Comments by Bob Corbett
December 2012

One character in this novel wonders what is the reality of Sarajevo? Is it the historic beautiful city of its history and renown, or is the “real” Sarajevo this hell of the four years of war, the 10,000 dead and 50,000 wounded. The novel itself seems to answer this question since we follow the very slow changes in several main characters from those who sort of accept this horror of the war as the new reality, but yet do eventually give up that path and return as citizens of the “old” Sarajevo.

I really had no idea what I would be reading about. I was attracted to the novel because I so love the music of Tomaso Albinoni and it is with that music that the novel begins. We read of a discovery of just 4 bars of music found in bombed out Dresden in 1945 which led an Italian musicologist to reconstruct a piece he called Albinoni’s Adagio. The rest of that story plays out in the rediscovery of Albinoni’s music.

My own discovery of Albinoni’s music was some 50 years later when I stumbled upon a tiny church on a bitter cold and snowy night in Florence. I had taken a walk, gotten lost in a residential area and turned a corner to a lit church and people. I went to get information on how to get back to the city center and to get warm. There was going to be a concert. I went to it, but didn’t get warm. The church had no heat. However, it was a concert featuring the music of Tomaso Albinoni and I came away reeling with the joy of that music.

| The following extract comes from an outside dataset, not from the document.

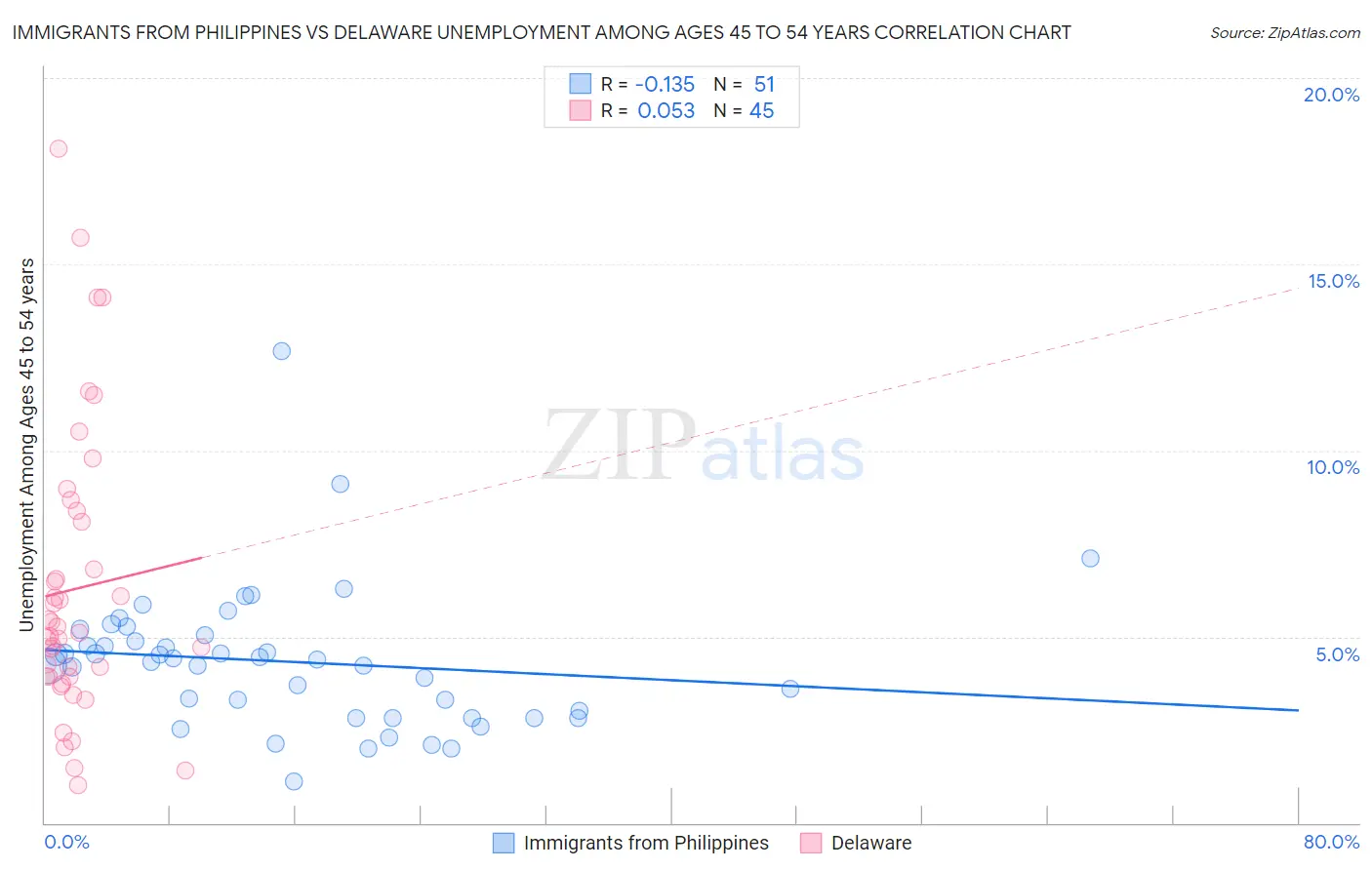 Immigrants from Philippines vs Delaware Unemployment Among Ages 45 to 54 years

Now that music has led me to this novel of the war in Sarajevo. A main character whom we never meet is supposedly this musician who discovered Albinoni’s music in Dresden and who is himself a citizen of Sarajevo and the principal cellist in the Sarajevo Symphony Orchestra. After a horrible incident in which 22 died in a bomb blast, he resolves to return to war-torn Sarajevo and each day for 22 days, to sit outside and play Albinoni’s Adagio as a symbol of the better things in life and to reflect the old world of normalcy in Sarajevo.

His “statement” is a threat to the enemy of snipers on the hill. However, where he sits, while outside and exposed, is not exposed to the hills where the snipers hide and shoot. They cannot kill him from above, so they will send a top-flight sniper into the city to where he plays. For both sides this event of the cellist’s 22 days of playing is an important statement. Those in power within the city are resolved to protect the cellist if at all possible, and this can only be done by a counter-sniper who can killer the sniper they know will be sent.

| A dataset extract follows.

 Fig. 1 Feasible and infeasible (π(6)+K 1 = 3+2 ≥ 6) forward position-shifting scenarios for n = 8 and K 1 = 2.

This task falls to the unlikely young woman, Arrow. A university student, who was the crack shooter of the rifle team, has been recruited as a sniper and is the best in Sarajevo. She sets herself up in one of the bombed out buildings near the cellist, trying to figure out where the sniper will set up and how she protects the cellist. It’s a chilly and scary game of cat and mouse, and the days are ticking away.

Arrow isn’t really “Arrow.” She has assumed that name, presumably since her shooting is like an arrow fired true. She tells us:

“I am Arrow because I hate them. The woman you knew hated nobody.”

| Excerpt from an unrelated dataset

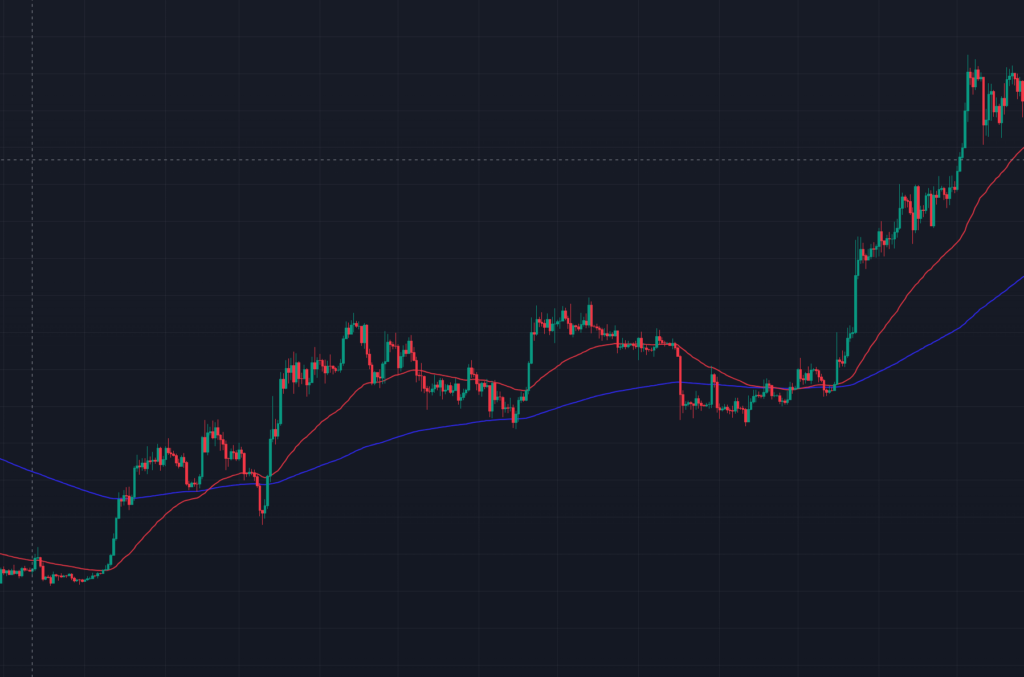 Moving Averages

There are two other characters of note, Kenan and Dragan. They are fairly ordinary fellows living desperate lives in the city. They don’t figure into the main drama of the protection of the cellist, but seem to play the role in the novel of examples of how ordinary people are living and surviving in the war-ravaged city. I understand the usefulness of that information and I was happy for it. But I don’t think the manner of their position was well-treated by the author. The novel rotates from Kenan to Dragan to Arrow and round and round, as though they each play a commensurate role.

But Arrow and the cellist, who never “speaks” in the novel, but only plays, are the main story line. Kenan and Dragan are side-bar information, useful, but not central. Yet the structure of the novel gives them the appearance of a more important role than they really play.

Kenan does have a small moment in the drama. One day when the cellist is playing a man is shot in the area near to where he is playing. A TV cameraman wants to get this shot and is quickly setting up his equipment, but Kenan, risking his life, rushes into the open to pull this dead man away from the cameraman and protect, in his small way, the people from becoming just more of a “juicy” news story.

However, little by little all three of these main characters, Kenan, Dragan and Arrow are changed. The war has worn them down. They had, little by little, internalized the horror, the defeatism, the agony and despair of the war. But, in significant measure because of the heroism of the cellist, they regain their decent humanity and each in his or her way displays the humanness and decency they had before the war. The cellist succeeds without even knowing it.

The author never tells us anything at all about who the residents are and who the enemy is. A much understated story suggests that he wants the message to apply to much more than just this particular war he uses as his setting.

They are in such sharp contrast to Colonel Edin Karaman, Arrow’s “boss” at the end of the novel. He doesn’t have any of that humanity which the other three demonstrate. He is filled with hatred and has a very simple view of the situation:

“Some in this city like to think that this war is more complicated than it really is. In case you are one of these people I will tell you the reality of Sarajevo. There is us, and there is them. Everyone, and I mean everyone, falls into one of these two groups. I hope you know where you stand.”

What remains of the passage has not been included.